[XML-SIG] [URGENT] Problem with accent char
Olivier Deckmyn
Olivier Deckmyn" <odeckmyn@teaser.fr
Wed, 10 Jan 2001 12:09:26 +0100
Hi all,
Looks like parser modifies my content :(
I have the following "xml" string :
"""
<?xml version="1.0" encoding="iso-8859-1"?>
<Xafp type="multimedia" uno="afp_wbs_doc_010110105314.g5kw25ak">
<Head>
<Name>GB-OTAN-santé</Name>
<DateReleased>20010110T105314Z</DateReleased>
<Source>AFP</Source>
</Head>
<NewsLines>
<HeadLine>La polémique loin d'être apaisée par l'annonce de tests à
Londres</HeadLine>
<DateLine>LONDRES</DateLine>
</NewsLines>
</Xafp>
"""
One can notice that there are accents chars (iso-8859-1) inside <Name> or
<HeadLine> tags ; with a well defined encoding value in header...

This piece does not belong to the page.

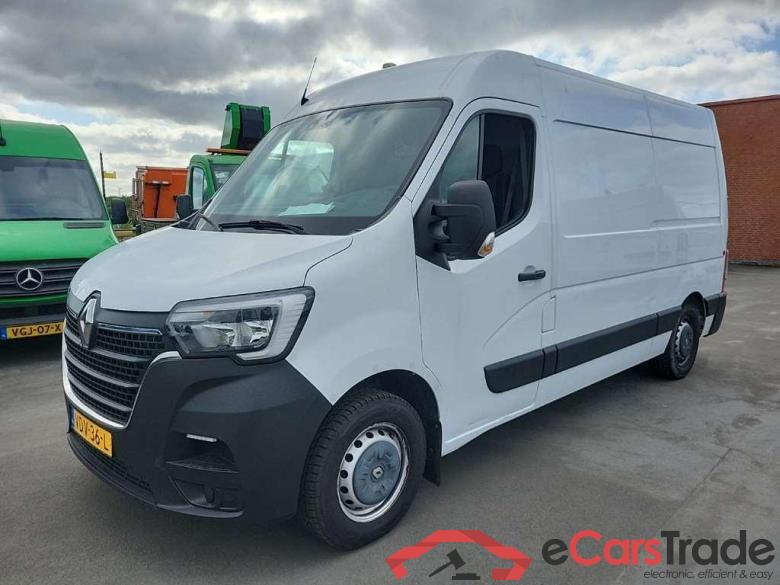 RENAULT Master GB L2H2 T35 dCi 130 FWD 4D 96kW #1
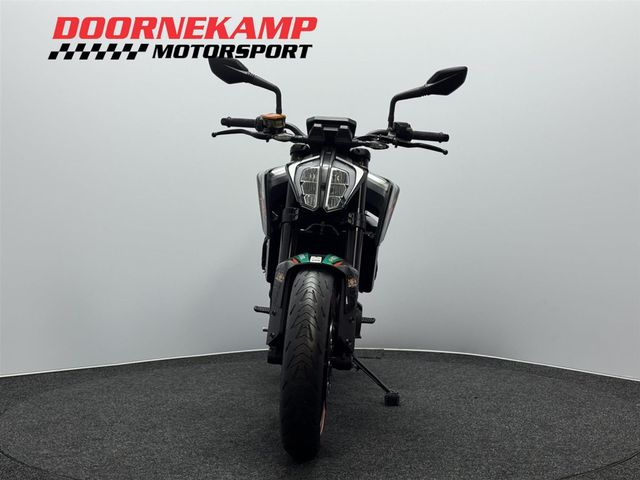 ktm - 790-duke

If I parse this string (using Sax2.FromXml(...), getElementsByTagName() and
nodes[0].firstChild.nodeValue) ; the <Headline> tag content becomes :
"""
La pol\303\251mique loin d'\303\252tre apais\303\251e par l'annonce de tests
\303\240 Londres
"""
Looks like there has been a unicode (utf-8 ?) conversion ...

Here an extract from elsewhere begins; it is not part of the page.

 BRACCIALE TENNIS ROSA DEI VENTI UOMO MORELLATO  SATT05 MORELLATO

What can I do, not to have this conversion made ? I don't want the parser to
modify my content !!!!
Thanx for your support...
I've tried with py-xml 0.5.1 and 0.6.2
I use python 1.5.2 under FreeBSD 4.2
My imports (might help ?):
from xml import dom
from xml.dom.ext.reader import Sax2
from xml.dom import ext
from xml.dom.Node import Node
Thanx again,
Olivier.
---
We are Micro$oft. You will be assimilated. Resistance is futile.